Immobilier : les points à vérifier dans le contrat de copropriété

Gestion de copropriété Yves Gratade Levallois

Vivre en copropriété apporte de nombreux avantages, mais pour en pouvoir en profiter, il faut signer un contrat. Ce document comporte de nombreuses clauses qui sont aussi importantes les unes que les autres. Cependant, certaines d’entre elles méritent une analyse approfondie. Les détails sur ce sujet dans les lignes qui suivent, à lire attentivement pour tout propriétaire d’appartement.

Les différentes clauses du contrat

Un contrat de copropriété doit mentionner 10 points au minimum. Il y a les différentes clauses qui justifient le professionnalisme des membres du syndic de copropriété. En effet, ceux-ci doivent disposer d’une carte professionnelle, d’une assurance, ainsi que d’une garantie financière. Il y a également celles sur la durée du contrat, c’est-à-dire la durée du mandat du syndic qui varie entre 12 mois et 3 ans. À cela s’ajoutent celles sur les sanctions concernant la fiche synthétique de copropriété, qui est devenue indispensable à partir du 31 décembre 2016. Le chronogramme des contrôles de l’établissement doit également apparaître dans ce document, ainsi que toutes les informations sur l’assemblée générale.

Même s’il n’y a que des élus qui forment le conseil syndical, chaque acquéreur a le droit de connaître la fréquence et la date de leur réunion. En effet, le contrat doit mentionner ces points avec précision. Il en est de même pour les rémunérations du syndic à l’année, les dépenses à prévoir pour les travaux, les coûts de l’inscription du syndicat dans le registre d’immatriculation, ainsi que les dépenses d’un seul copropriétaire. Ces derniers points sont les plus importants et il faut les vérifier lors de la rencontre avec le syndic.
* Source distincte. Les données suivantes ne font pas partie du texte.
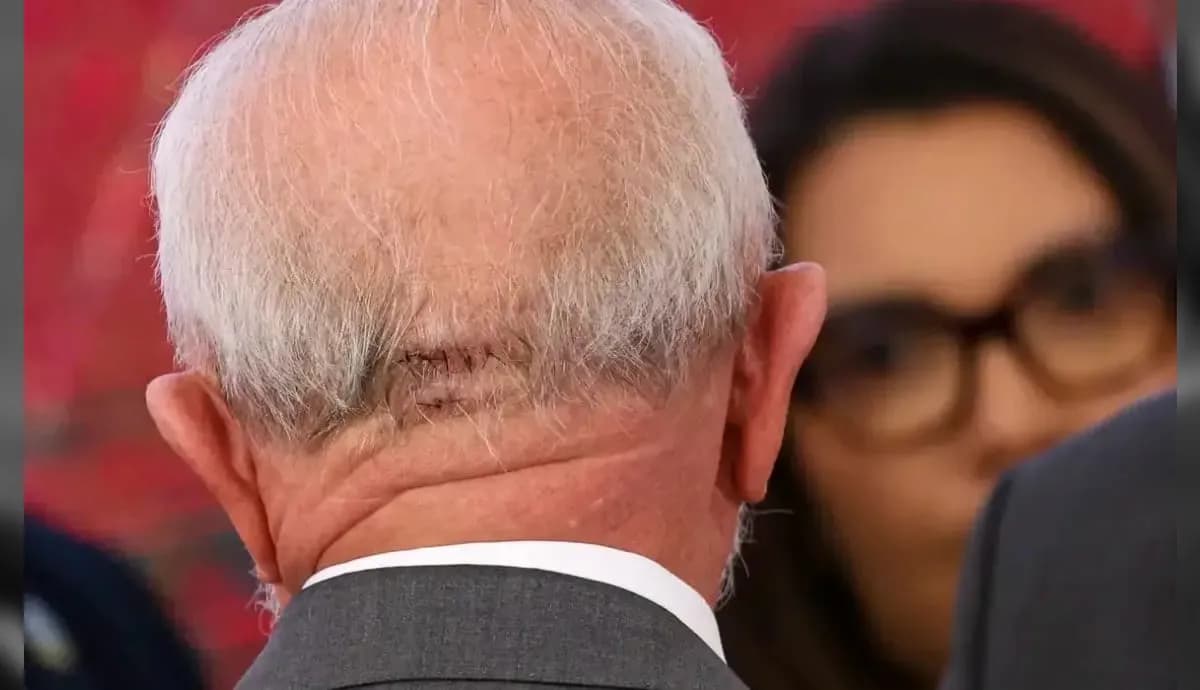 Após acidente doméstico, Lula precisou de pontos na região da nuca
Les honoraires du syndic, à ne pas négliger

C’est le point dominant du contrat de copropriété, étant donné qu’il détermine les honoraires perçus par le syndic. Ceux-ci dépendent et se calculent en fonction du nombre de lots, sans dépasser ceux des autres syndics. En général, ils sont forfaitaires lorsqu’ils concernent leurs principales prestations. A savoir : la gestion des affaires courantes et l’administration au sein de la copropriété (la comptabilité, l’archivage ou la création d’un compte bancaire), l’entretien et la rénovation des différentes installations communes, l’assurance (de la souscription à la déclaration des incidents) et l’organisation de l’assemblée générale. À cela peuvent s’ajouter quelques montants supplémentaires, comme ceux qui sont mentionnés dans le décret 2015-342 du 26 mars 2015 à son annexe 2. Cependant, cette rémunération peut baisser si l’assemblée générale choisit de confier la gestion des archives ou la création d’un service en ligne à un prestataire.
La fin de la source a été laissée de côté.